Extracted records -

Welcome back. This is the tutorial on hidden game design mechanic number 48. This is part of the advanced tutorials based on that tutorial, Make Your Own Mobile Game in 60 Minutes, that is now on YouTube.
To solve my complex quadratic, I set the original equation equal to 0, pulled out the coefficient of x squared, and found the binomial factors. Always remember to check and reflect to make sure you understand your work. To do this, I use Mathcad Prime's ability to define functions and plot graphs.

==

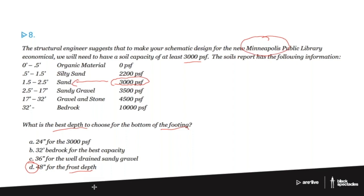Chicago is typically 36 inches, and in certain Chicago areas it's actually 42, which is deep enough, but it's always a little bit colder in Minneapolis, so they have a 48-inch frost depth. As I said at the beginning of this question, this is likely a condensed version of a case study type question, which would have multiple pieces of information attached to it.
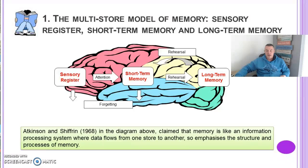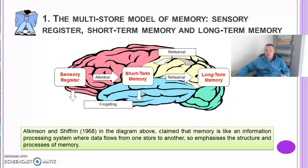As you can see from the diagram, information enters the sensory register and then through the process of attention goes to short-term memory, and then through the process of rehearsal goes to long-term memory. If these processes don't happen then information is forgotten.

---

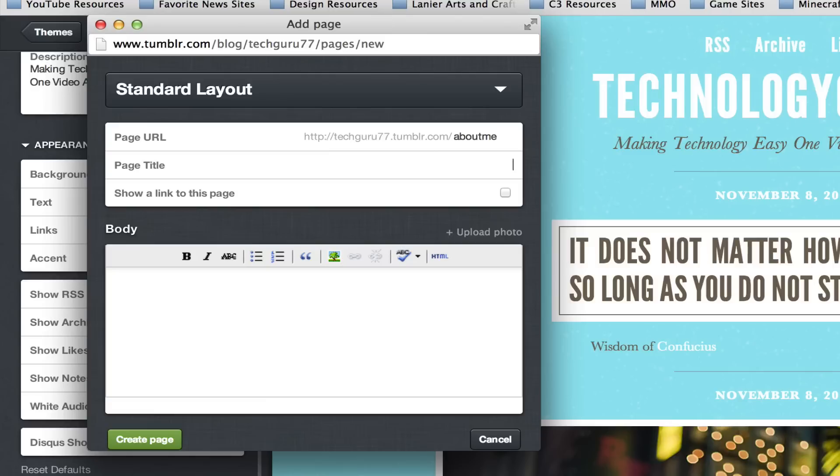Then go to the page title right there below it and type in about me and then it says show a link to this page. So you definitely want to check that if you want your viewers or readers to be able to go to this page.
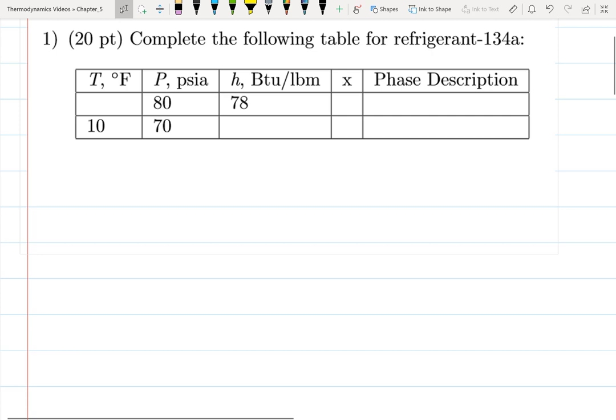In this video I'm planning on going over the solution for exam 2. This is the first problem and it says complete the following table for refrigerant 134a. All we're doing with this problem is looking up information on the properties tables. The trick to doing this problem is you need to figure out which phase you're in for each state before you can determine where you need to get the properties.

Try it -
Return the span of lines in the data above that opens at the line with "Welcome back. This" and closes at the line with "To solve my", exactly, ends included, nothing else.

Reply to the exercise -
Welcome back. This is the tutorial on hidden game design mechanic number 48. This is part of the advanced tutorials based on that tutorial, Make Your Own Mobile Game in 60 Minutes, that is now on YouTube.
To solve my complex quadratic, I set the original equation equal to 0, pulled out the coefficient of x squared, and found the binomial factors. Always remember to check and reflect to make sure you understand your work. To do this, I use Mathcad Prime's ability to define functions and plot graphs.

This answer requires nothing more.